GRAUER, WILLIAM C.

GRAUER, WILLIAM C. (2 Dec. 1895-6 Apr. 1985) was a painter, muralist, and art teacher active in Cleveland for nearly 60 years. Born in Philadelphia, he graduated from the Pennsylvania Museum School of Industrial Art in 1914 and saw service in France during WORLD WAR I. Coming to Cleveland as a free-lance artist in 1927, he married Natalie Eynon (1888-1955), a fellow native Philadelphian and artist with whose career his own became intertwined.

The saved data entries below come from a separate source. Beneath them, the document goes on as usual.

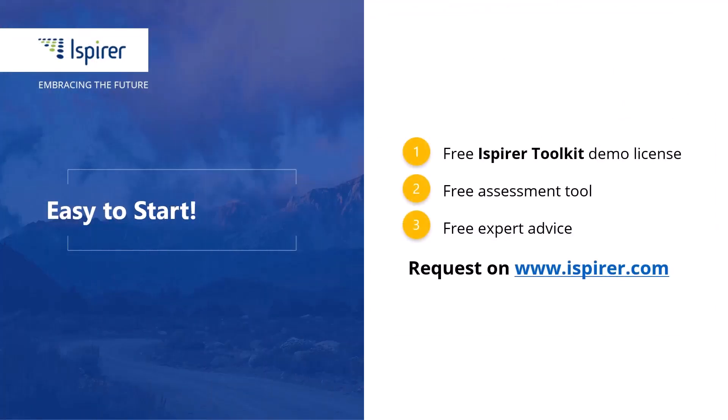Ispire Toolkit is a fast, easy, and reliable way to migrate with minimal downtime to the MySQL database. Now it's your turn to give it a try. You can get started by requesting a free demo license for the toolkit or learn more by following the links in the description.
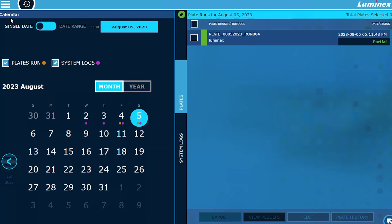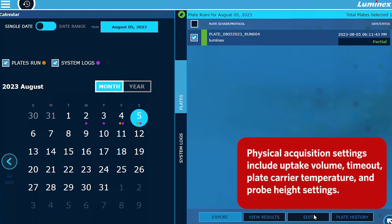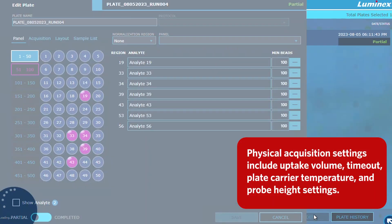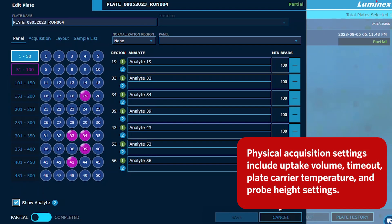Simply navigate to the History page, select the plate you want to modify, and make the necessary adjustments under the appropriate tabs. Please note that physical acquisition settings cannot be changed using Edit.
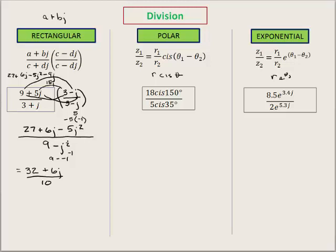I've skipped a couple of steps here, but from the earlier videos you should recognize that j squared is negative 1. So negative 5j squared becomes positive 5, and 27 plus 5 is 32 plus 6j on the numerator over 10 on the denominator. We can simplify further to 3.2 plus 0.6j. That's our rectangular format of division — the same as multiplication, except you multiply by the conjugate.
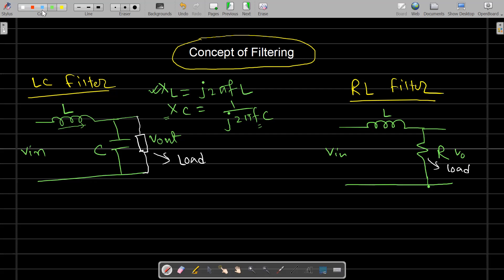For the capacitor, at the output node where some additional AC component is mixed, the capacitor provides a low impedance path for those AC signals, because capacitive reactance falls with frequency. Whereas for DC, the capacitor acts like an open circuit, so no DC component flows through it. All DC component goes toward the load, and AC component is bypassed and filtered out through the capacitive network to ground. The output we get is only the DC component.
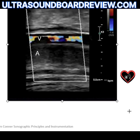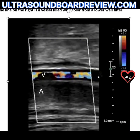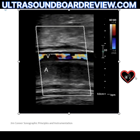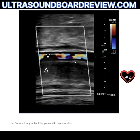Consider a scenario where a picture shows two vessels — one on top, one on bottom — with a color box. There's no color Doppler in the artery, and it looks like there's aliasing in the vein.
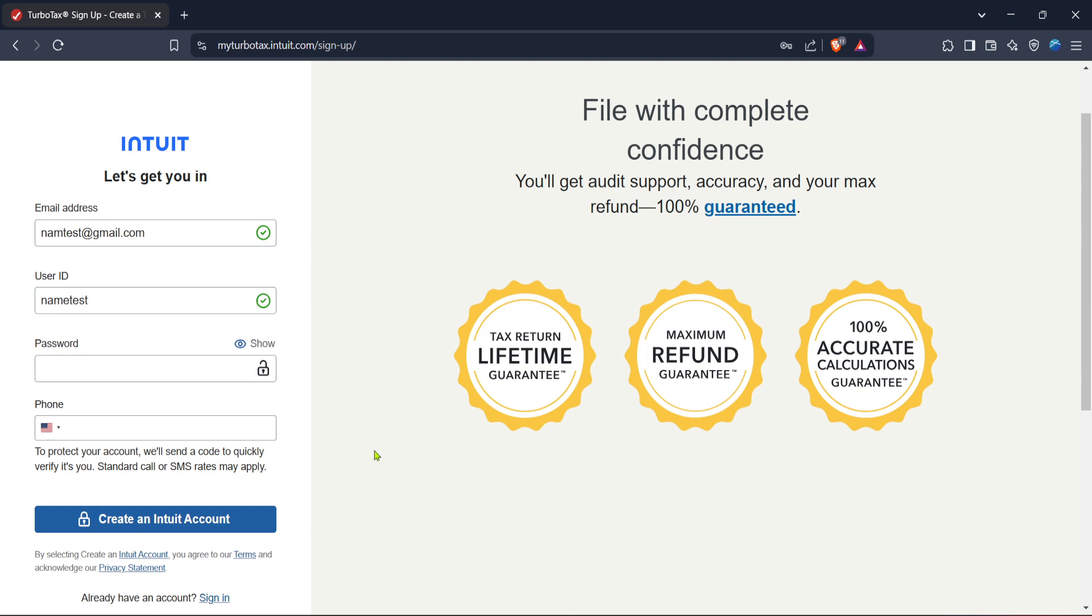Enter it exactly as it appears, ensuring there are no typos, as this will verify your purchase and activate the software. Without this key, you won't be able to proceed.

Invited to contribute murals to the President's Cottage at White Sulphur Springs, W. Va., in 1932, they returned to found and co-direct the Old White Art Colony, School and Gallery there during the summers from 1934-40. During the same period they also started the art department at Cleveland College of Western Reserve University (see CASE WESTERN RESERVE UNIV.). Grauer painted murals for the West Virginia exhibitions in both the Chicago Century of Progress (1933) and the New York World's Fair (1939).  His work in Cleveland included a set of murals for the Cadillac Lounge in the Schofield Building.   These murals are now part of the collections of the WESTERN RESERVE HISTORICAL SOCIETY

Residents of Ambleside Dr. near UNIVERSITY CIRCLE, the Grauers also maintained a summer home and studio in E. Claridon, Geauga County. They had 2 daughters, Blanche E. and Gretchen. Following the death of his wife, Grauer married another Cleveland College art instructor, Dorothy Turobinski, in 1964. He retired from WRU as associate professor of art in 1966 but continued to paint and to teach privately. Increasingly abstract in style in his later years, his work had been exhibited in 55 MAY SHOWs at the CLEVELAND MUSEUM OF ART.